Required work ▸
Reproduce exactly, and only, the lines of the material below running from the line bearing "7, CHESTNUT WALK, CHEDDLETON, LEEK, ST13" through the line bearing "Red eSkate Life". Leave any pictures out.

Records for this exercise ▸
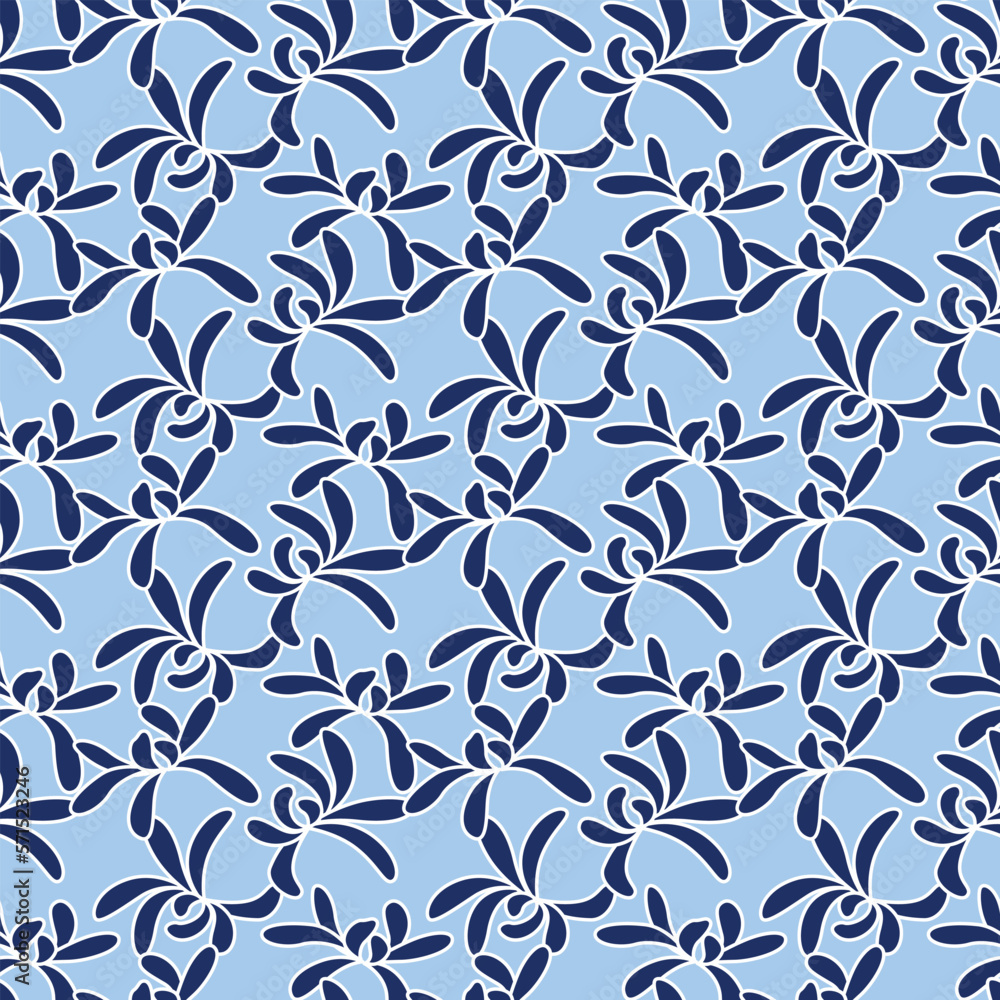 Japanese Curl Petal Flower Vector Seamless Pattern Japanese Curl Petal Flower Vector Seamless Pattern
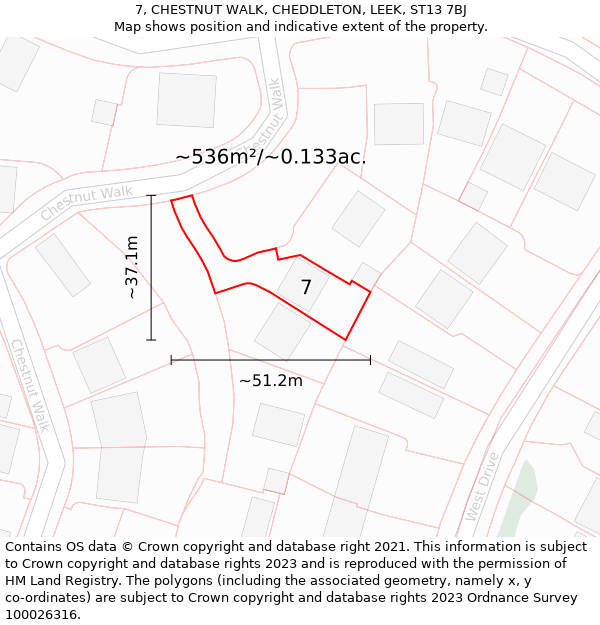 7, CHESTNUT WALK, CHEDDLETON, LEEK, ST13 7BJ: Plot and title map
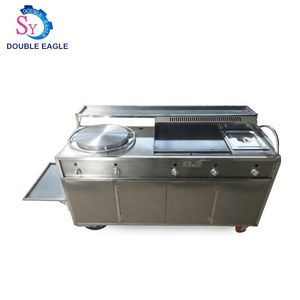 Hand Push Mobile Italian Pizza Making Car/Stainless Steel Teppanyaki <strong>Fast</strong> <strong>Cart</strong>/Chicken Leg Fryer Snack <strong>Food</strong> Roasting Trolley - Product Image 2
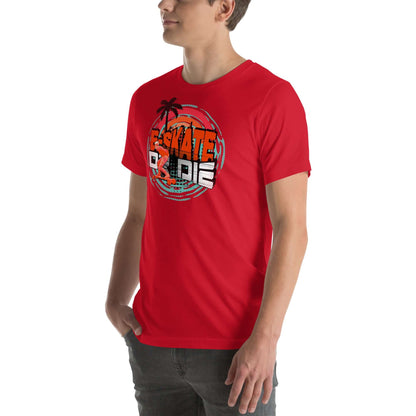 Red eSkate Life T-Shirt with retro sunset and tropical electric skateboard design. Perfect for enthusiasts of paradise and lithium-powered rides.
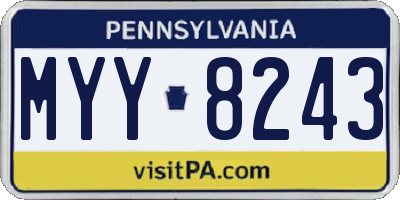 PA license plate MYY8243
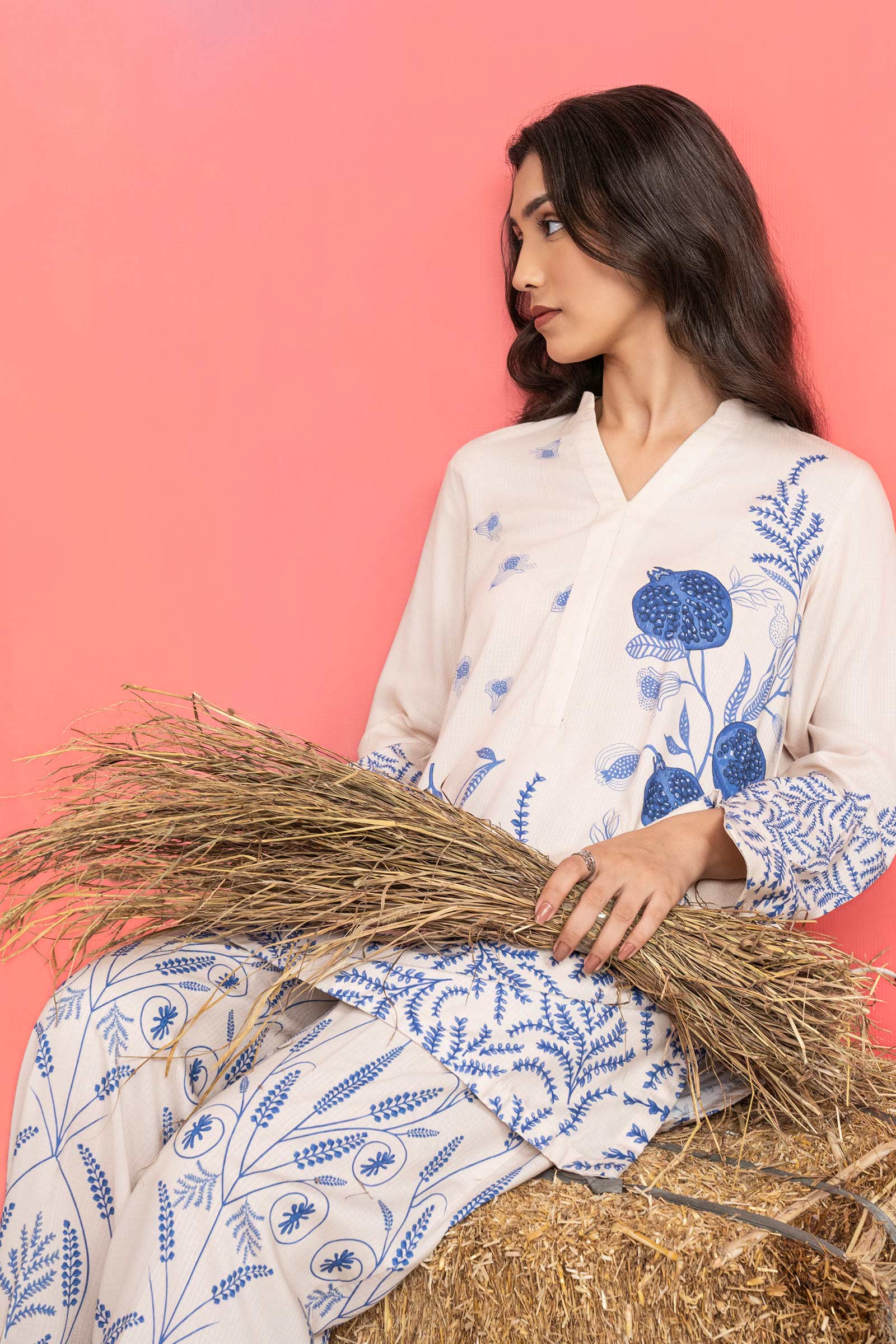 2 Pc Printed Silk Slub Suit - Image 2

Solution for this exercise ▸
 7, CHESTNUT WALK, CHEDDLETON, LEEK, ST13 7BJ: Plot and title map
 Hand Push Mobile Italian Pizza Making Car/Stainless Steel Teppanyaki <strong>Fast</strong> <strong>Cart</strong>/Chicken Leg Fryer Snack <strong>Food</strong> Roasting Trolley - Product Image 2
 Red eSkate Life T-Shirt with retro sunset and tropical electric skateboard design. Perfect for enthusiasts of paradise and lithium-powered rides.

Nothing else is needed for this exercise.